LORD Byron was a man of passion — and not just in his love affairs.
So said Hucknall’s rector, the Rev Kathryn Herrod, in an address at the annual service in the town’s parish church to mark the anniversary of the poet’s death.
She added: “Byron showed enthusiasm, zeal and a desire to make his mark in the world — not least by helping the Greek people in their fight for independence from the Turks. He wanted to play what part he could to make a difference and use his influence to improve the lot of someone else. He felt passionate about helping the underdog.”
During the service, wreaths were laid on Byron’s tomb by David Herbert for the Lytton family (who are descendants of the poet), Bunty Cardwell for the Byron family, Joyce Smith for Newstead Abbey Byron Society (NABS), Ann Bamford for the International Byron Society, Trish Davis for Newstead Abbey and Ken Purslow, chairman and secretary of NABS, in memory of prominent Byronists Elma Dangerfield, Lucy Edwards and Maureen Crisp.
This year has marked the 200th anniversary of Byron’s maiden speech in the House Of Lords in defence of the Luddite framework-knitters, some of whom lived and worked in Hucknall and Bulwell.
Mr Herbert read part of the speech, followed by a recital of Byron’s poem, ‘Ode To The Framers Of The Frame Bill’, by Mr Purslow.
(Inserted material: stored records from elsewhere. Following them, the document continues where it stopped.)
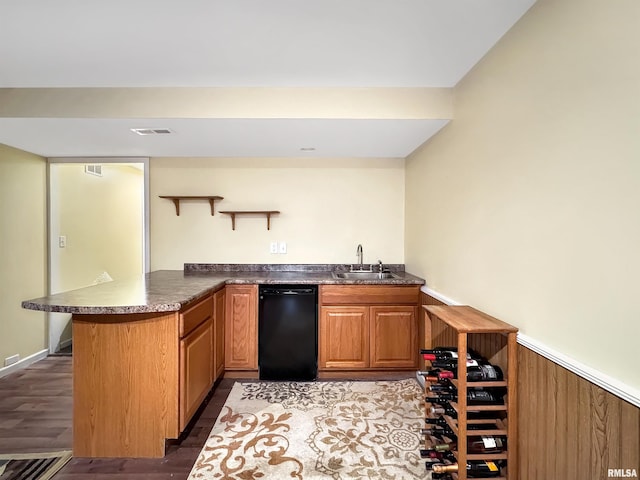 bar with dark wood-style flooring, a sink, visible vents, dishwasher, and indoor wet bar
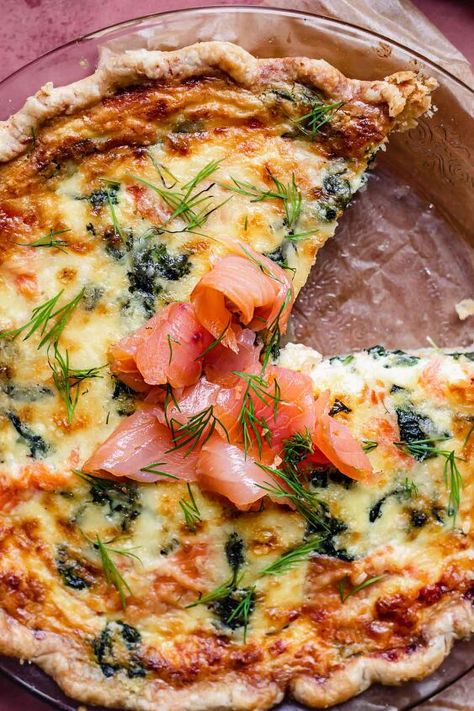 This creamy Smoked Salmon and Spinach Quiche is the ultimate breakfast or brunch for a salmon lover and is a perfect make ahead option to feed a crowd. Best served in a pie crust, you can also easily make this quiche crustless. Top with extra salmon, cr Quiche With Spinach, Quiche Crustless, Smoked Salmon Quiche, Salmon Pie, Apple Streusel Muffins, Salmon Quiche, All Butter Pie Crust, Salmon Spinach, Spinach Quiche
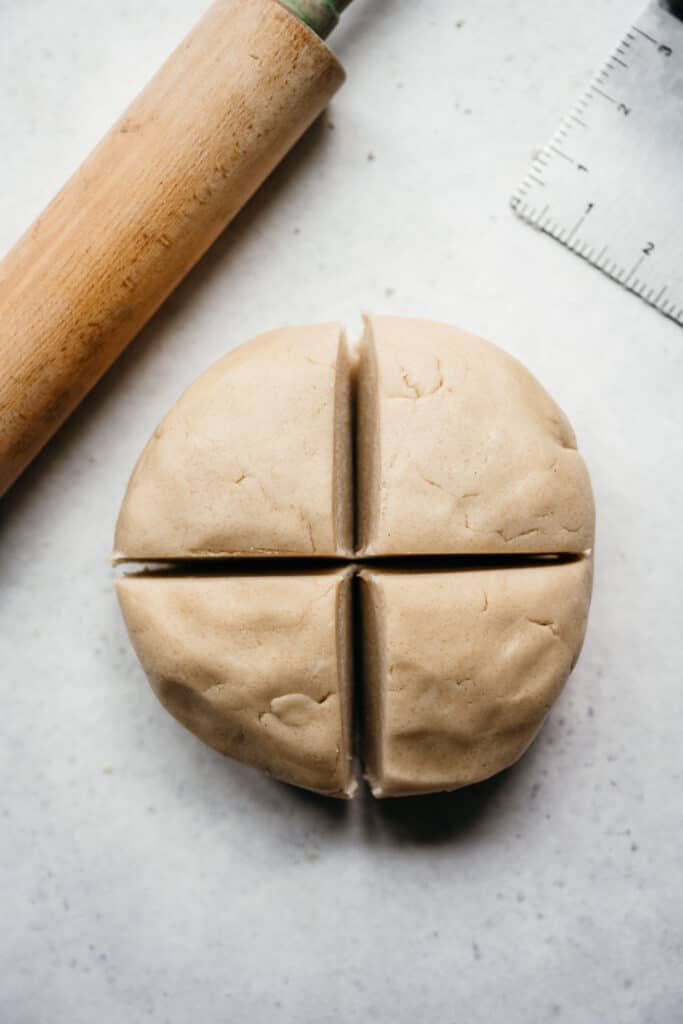 overhead view of sugar cookie dough in 4 portions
A reading from the Bible was given by Pearl Hargarve Brown.
The service was preceded by the annual meeting of NABS, held at the John Godber Centre on Ogle Street, Hucknall.
Officers re-elected were Mr Purslow as chairman and secretary, Humphrey Lewis and David Green as vice-presidents, Mrs Hargarve Brown as treasurer and Lisa Hopwood as minutes secretary.
Members of NABS also held a ‘Poetry On The Patio’ event at County Hall, West Bridgford, this week.